Workers’ unions and other civil rights groups have joined the Occupiers in protests, bringing tens of thousands of people onto the nations’ city streets demanding justice and accountability. Now that the latest torture report is out, rights defenders urge others to seize the moment to expose rights abuses happening at many levels of society. They do so knowing they risk any freedom that remains and even their lives, since they are being met with militarized police and infiltrators.
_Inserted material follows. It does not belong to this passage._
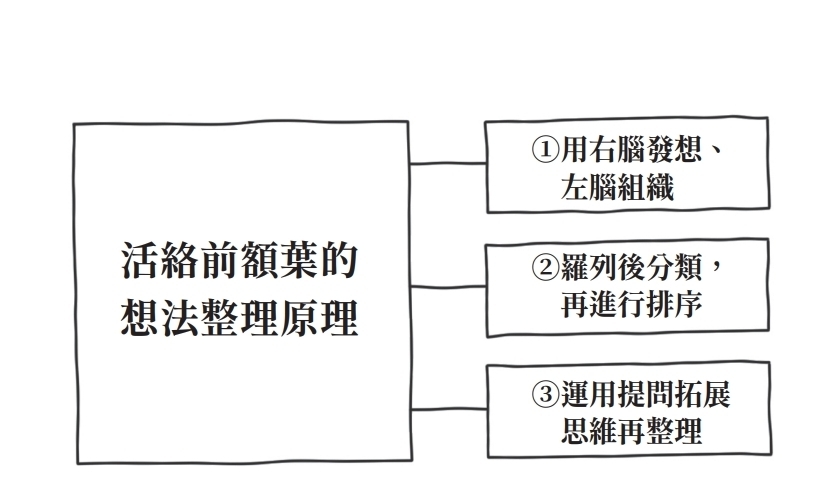 用右腦發想，用左腦組織
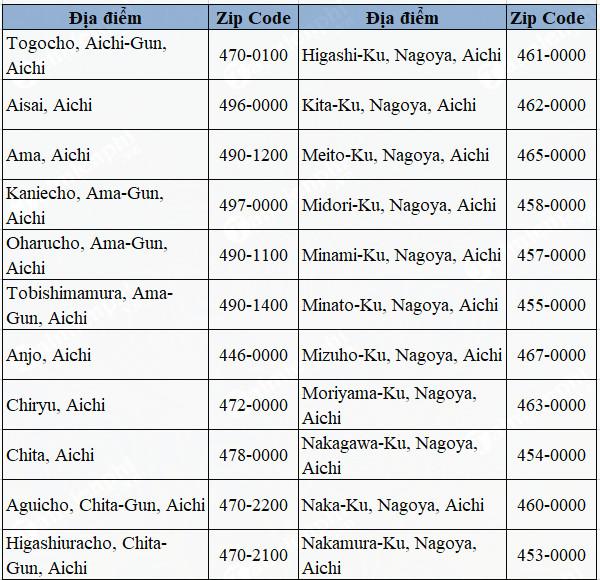 Danh sách mã bưu chính tỉnh thành ở Nhật Bản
They also know at least 400 people are killed by police annually.

 

“The only person the Obama administration has prosecuted in connection with the torture program is a man who revealed its existence to the media,” reports.

 

After carefully examining evidence in the first torture report, Attorney General Eric Holder decided not to prosecute anyone for the CIA’s torture.

 

“The department has declined prosecution because the admissible evidence would not be sufficient to obtain and sustain a conviction beyond a reasonable doubt,” Holder said before dropping investigations into two torture-related deaths in 2012.

 

Asked about investigating CIA torture in 2009, Obama’s infamous response was, “It’s important to look forward and not backwards.”

 

He admitted that “we tortured some folks” earlier this year, but never called for those responsible to be punished.

 

Today, the one Navy nurse who has refused to torture at Guantanamo bay when ordered to do so Bay faces a discharge.

 

UN condemns US human rights abuses

 

The United Nations says it’s past time to prosecute. A UN official wants U.S. administrators involved in torture to be prosecuted and says any country can do this.

 

“It is now time to take action,” Ben Emmerson, UN special rapporteur on counter-terrorism and human rights, declared in a statement. “The individuals responsible for the criminal conspiracy revealed in today’s report must be brought to justice, and must face criminal penalties commensurate with the gravity of their crimes.”

 

In concluding observations in March on United States’ compliance with the International Covenant on Civil and Political Rights (ICCPR), a U.S.-ratified treaty that outlines basic human rights, the UN Human Rights Committee issued a slew of criticisms to the U.S. on its failures. These were related to a long list of human rights abuses including everything from detention without charge at Guantánamo, torture, drone strikes, NSA surveillance, death penalty, rampant gun violence and endemic racial inequality.

 

Pointing out the disproportional representation of African Americans on death rows, Walter Kälin, a Swiss international human rights lawyer on the committee stated: “Discrimination is bad, but it is absolutely unacceptable when it leads to death.”

 

The U.S. “should revisit its position regarding legal justifications for the use of deadly force through drone attacks,” the UN human rights body stated, echoing rights and justice groups’ charges regarding so-called justification and lack of accountability for targeted killings, civilian casualties and targeted individuals covertly persecuted daily.

 

On this International Human Rights Day, more so than on any other, the American people are showing they have awakened and that they will not stop protesting until rights abusers are named and held accountable through prosecutions, and individual human rights are honored and upheld.